Qui ci sono alcune doverose osservazioni da fare sul comportamento degli "islamici" e in genere delle cosiddette società "arretrate" che la beota e telecomandata opinione pubblica occidentale non riesce assolutamente a penetrare. Già i termini virgolettati esprimono una generalizzazione superficiale ed errata: il mondo islamico non è omogeneo, include società chiuse come quelle beduine ferme da millenni (fino a 20 anni fa la popolazione della penisola arabica era per l'80% nomade) e società storicamente cosmopolite (di cui sono stati esempi l'antico splendore di Baghdad come ponte per l'Asia e quella sorta di illuminismo di tradizione nordafricana, riflesso di ritorno del califfato di Cordoba); c'è la diaspora palestinese, ormai quasi completamente polarizzata fra due classi, borghesia e proletariato, attive entrambe sul mercato mondiale delle merci, dei capitali e della forza-lavoro; c'è l'Islam pakistano, quello cinese e quello dei neri americani. Per quanto riguarda molte delle società cosiddette arretrate, esse portano spesso con sé residui di comunismo primitivo e di conoscenze che potrebbero addirittura essere uno strumento rivoluzionario nella transizione alla società futura e nella demolizione di quella capitalistica.

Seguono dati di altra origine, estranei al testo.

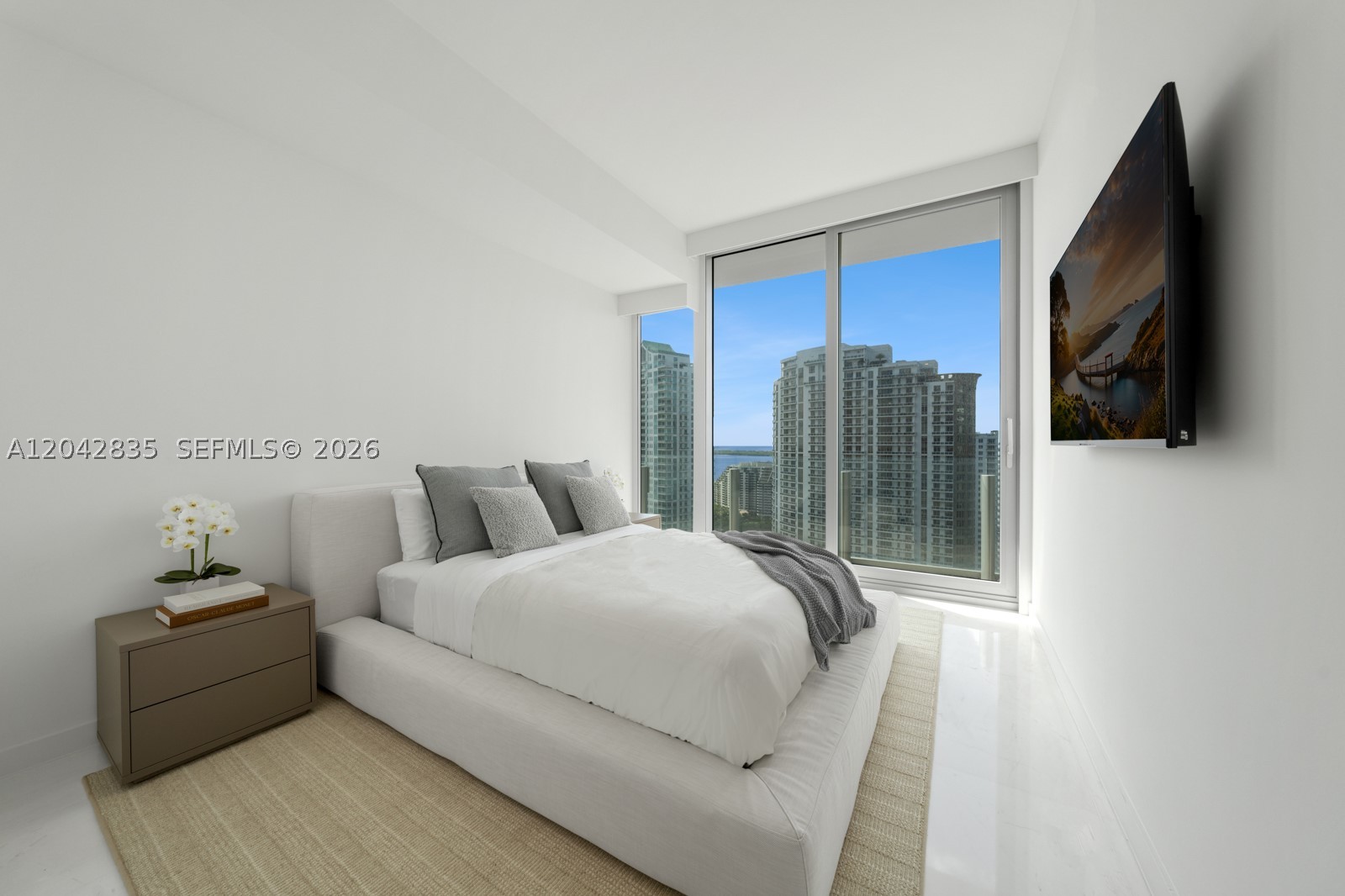 300 Biscayne Blvd Way #2701 Miami, FL 33131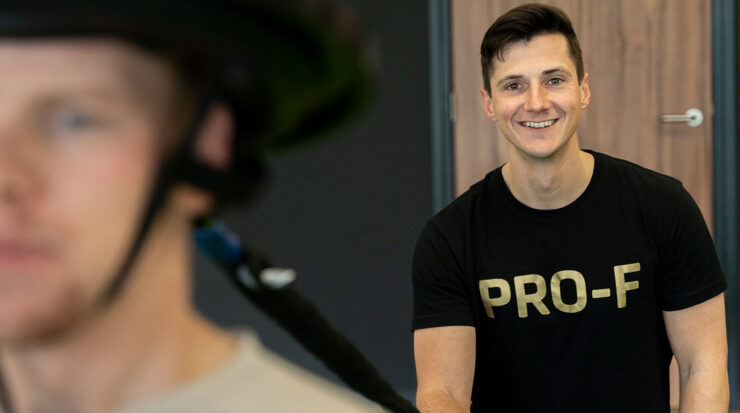 Topsportfysiotherapie voor iedereen Binnen Trifora en Pro-F worden dagelijks topsporters begeleid uit verschillende disciplines. Van voetbal en schaatsen tot paardensport, motorsport en autosport. Daarnaast maken diverse sporters uit de nationale en internationale topsport gebruik van de expertise en faciliteiten binnen onze locatie. Die kennis en ervaring is niet uitsluitend beschikbaar voor topsporters. Integendeel. Wij geloven dat iedereen recht heeft op dezelfde professionele begeleiding. Daarom profiteer je als recreatieve sporter, starter of senior van dezelfde kwaliteitsstandaard, behandelmethoden en trainingsmogelijkheden die ook worden ingezet binnen de topsport. Topsportfysiotherapie voor iedereen dus.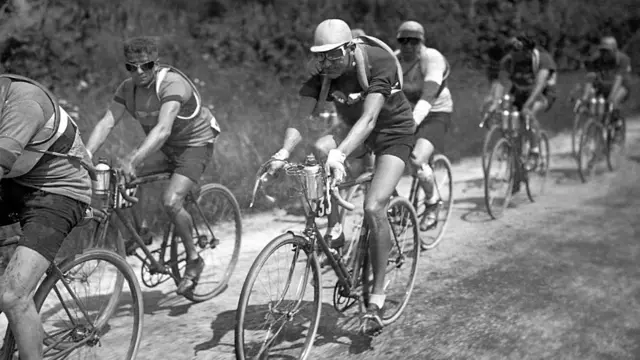 El francés Charles Pelissier en la segunda etapa, Caen-Dinan, del 24° Tour de Francia, el 3 de julio de 1930.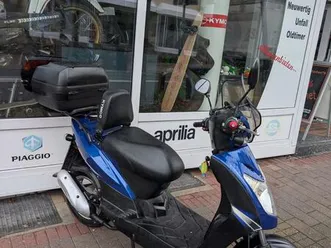 kyco agility 50 mofa roller mit 25/50 papiere bj.08/2006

Perciò il combattimento fino alle estreme conseguenze, la partecipazione alla battaglia fino all'utilizzo del proprio corpo come arma contro il nemico, sono aspetti che non vanno affrontati nell'ottica volgare della borghesia occidentale che vede soltanto fanatismo insensato, gesto che "non paga", come se tutto dovesse corrispondere alla civiltà del denaro. Vi è nel comportamento della reazione islamica alla strapotenza americana un misto di moderno terrorismo di Stato, di connivenza pura e semplice nell'ambito di piani generali di compellence e un residuo di società comunistiche, addirittura matriarcali, in cui il sangue dell'individuo è in effetti il sangue dell'intera comunità colpita, così come lo è quello del combattente, il quale non tanto si "suicida" quanto offre al corpo sociale un'arma di tipo particolare.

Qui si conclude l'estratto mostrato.